(Brief) From the line with "Image 4 of Taupe" through the line with "Bazén v ubytování", repeat the entries verbatim, both end lines included, and add nothing.

------

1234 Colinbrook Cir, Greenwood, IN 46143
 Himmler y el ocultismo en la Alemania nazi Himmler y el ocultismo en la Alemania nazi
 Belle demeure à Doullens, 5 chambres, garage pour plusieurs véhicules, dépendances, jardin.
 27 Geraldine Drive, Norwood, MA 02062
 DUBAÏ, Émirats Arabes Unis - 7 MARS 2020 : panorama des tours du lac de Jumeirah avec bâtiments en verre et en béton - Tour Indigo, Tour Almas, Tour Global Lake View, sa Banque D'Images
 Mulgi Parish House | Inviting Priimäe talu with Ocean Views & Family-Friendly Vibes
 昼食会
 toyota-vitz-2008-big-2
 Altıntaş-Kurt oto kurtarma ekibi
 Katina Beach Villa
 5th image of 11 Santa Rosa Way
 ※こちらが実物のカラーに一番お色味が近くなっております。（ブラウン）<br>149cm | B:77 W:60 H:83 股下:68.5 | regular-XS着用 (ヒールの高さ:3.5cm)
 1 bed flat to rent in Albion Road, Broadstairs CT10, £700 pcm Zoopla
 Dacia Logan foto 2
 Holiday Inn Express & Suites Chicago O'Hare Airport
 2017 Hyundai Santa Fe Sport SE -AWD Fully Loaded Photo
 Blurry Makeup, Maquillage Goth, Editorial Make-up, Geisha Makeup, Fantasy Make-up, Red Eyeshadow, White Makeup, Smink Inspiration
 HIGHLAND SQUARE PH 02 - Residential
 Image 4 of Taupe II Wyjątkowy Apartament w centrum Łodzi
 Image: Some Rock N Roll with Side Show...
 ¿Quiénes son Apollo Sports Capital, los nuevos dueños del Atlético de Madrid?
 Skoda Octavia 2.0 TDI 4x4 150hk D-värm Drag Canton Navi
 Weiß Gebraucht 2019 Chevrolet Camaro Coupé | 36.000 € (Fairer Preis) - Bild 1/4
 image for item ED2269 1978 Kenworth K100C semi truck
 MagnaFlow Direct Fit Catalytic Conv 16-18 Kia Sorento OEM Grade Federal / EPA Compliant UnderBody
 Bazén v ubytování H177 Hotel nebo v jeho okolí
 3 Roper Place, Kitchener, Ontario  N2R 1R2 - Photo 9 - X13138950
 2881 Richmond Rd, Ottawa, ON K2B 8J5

------

(Response to this exercise)
 Image 4 of Taupe II Wyjątkowy Apartament w centrum Łodzi
 Image: Some Rock N Roll with Side Show...
 ¿Quiénes son Apollo Sports Capital, los nuevos dueños del Atlético de Madrid?
 Skoda Octavia 2.0 TDI 4x4 150hk D-värm Drag Canton Navi
 Weiß Gebraucht 2019 Chevrolet Camaro Coupé | 36.000 € (Fairer Preis) - Bild 1/4
 image for item ED2269 1978 Kenworth K100C semi truck
 MagnaFlow Direct Fit Catalytic Conv 16-18 Kia Sorento OEM Grade Federal / EPA Compliant UnderBody
 Bazén v ubytování H177 Hotel nebo v jeho okolí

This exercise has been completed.